Различие между словом и понятием проводится в словаре[7] прагматически. Это значит, что мы отказываемся от использования лингвистического треугольника «слово (наименование) – значение (понятие) – предмет» в его различных вариантах. С другой стороны, с позиций исторической эмпирики можно утверждать, что большинство слов общественно-политической терминологии по своим дефинициям отличаются от таких слов, которые мы называем здесь «понятиями» – основными историческими понятиями. Переход от одних к другим может быть и плавным, так как и слова, и понятия всегда многозначны, это их историческое качество, но они многозначны по-разному. Значение слова всегда указывает на означаемое, будь то мысль или вещь.

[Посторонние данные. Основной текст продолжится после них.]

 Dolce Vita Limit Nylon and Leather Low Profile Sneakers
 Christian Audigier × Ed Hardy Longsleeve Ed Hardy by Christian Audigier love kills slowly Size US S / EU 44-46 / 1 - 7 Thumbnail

При этом, хотя значение присуще слову, оно подпитывается также из мысленно намеченного содержания, из устного или письменного контекста, из общественной ситуации. Слово может становиться однозначным, так как оно многозначно. Понятие же, напротив, должно оставаться многозначным, чтобы оно могло быть понятием. Понятие привязано к слову, но вместе с тем оно больше чем слово. Слово – в нашем методе – становится понятием, если в него целиком вмещается вся полнота общественно-политического контекста значений, в котором – и для которого – употребляется это слово[8].

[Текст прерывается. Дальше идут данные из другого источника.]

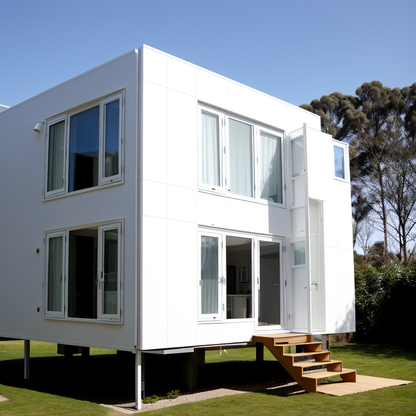 Colorful Home Prefabricated Container Prefab House Container Office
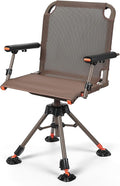 KEMIMOTO Hunting Blind Chair 360 Degree Silent Swivel, 300 Lbs Height Adjustable Quick Folding Portable Comfortable Hunting Deer Fishing Ground Chair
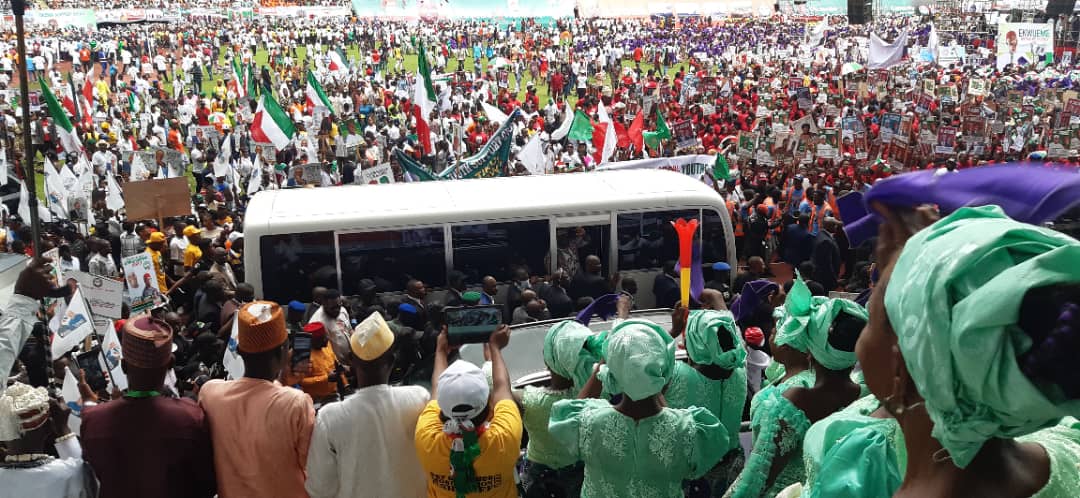 PHOTOS: Akwa Ibom 'stands Still' For Atiku - Daily Trust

Историки, обращаясь к истории понятий, отстраиваются от предшествующих изводов интеллектуальной истории, в частности от истории идей, в которой содержание существует отдельно от языковой формы, а история сводится к эволюции содержания[9]. Однако при этом они отстраиваются и от лингвистического понимания языка, которое также, со своей стороны, основано на разделении формы и содержания. Понятие же (как предмет исторической семантики) противостоит, с одной стороны, слову, лексеме как языковой единице, с другой – идее, абстрагированной от языкового воплощения. Оно видится исследователем в единстве слова и значения и обязательно в исторической динамике. Невозможно сказать, каков правильный смысл того или иного понятия, поскольку это понятие всегда является объектом спора, тяжбы, уточнения, соотнесения с тем или иным образом будущего. Внимание Квентина Скиннера, яркого представителя кембриджской школы, также часто сосредоточено на полемике о понятиях, то есть, в сущности, о значении слов. Так, в своей классической работе о зарождении понятия государства в западноевропейских языках Скиннер показывает, что значение «государство» впервые появляется у слов stato, état, staat, state в текстах, обращенных к правителям («зерцалах принцев»), поскольку в них речь идет о том, как сохранить «статус правителя» (status principis, stato del principe), в том числе – удержать принадлежащие правителю территории:

…как всегда подчеркивается авторами книг наставлений, наиболее важным условием удержания своего состояния как правителя должно быть сохранение контроля над существующей структурой власти и над институтами правления в его regnum или civitas. Это, в свою очередь, дало толчок важнейшей лингвистической инновации, которая берет свое начало в итальянских хрониках и политических сочинениях эпохи Возрождения. Происходило это через расширение смысла stato; он выражал уже не только идею господствующего режима, но и конкретно указывал на институты правления и средства принуждения, служившие для организации и поддержания порядка в политических сообществах[10].

 

Более существенным моментом в истории зарождения современного понятия государства как независимого от правителя аппарата, однако, Скиннер считает республиканскую идею «общего блага», по сути приравнивающую новое («варварское») понятие stato к латинской res publica[11]. С другой стороны, в четком разделении власти граждан и формы власти, заложенной в самом государстве, были заинтересованы как раз противники республиканской традиции, такие как Гоббс и Боден [Скиннер 2002: 55–56]; поэтому именно Гоббс становится первым осознанным «теоретиком феномена под названием state» [Там же: 58]. В России, как показывает Олег Хархордин [Хархордин 2002], отчасти следуя за Скиннером, принцип безличной власти государства насаждается сверху, заодно с идеей общего блага, в целях дисциплинирования населения; схожие процессы Хархордин выявляет и в Западной Европе, что в определенной степени показывает наивность приложения республиканской идеологии к политическим реалиям Нового времени.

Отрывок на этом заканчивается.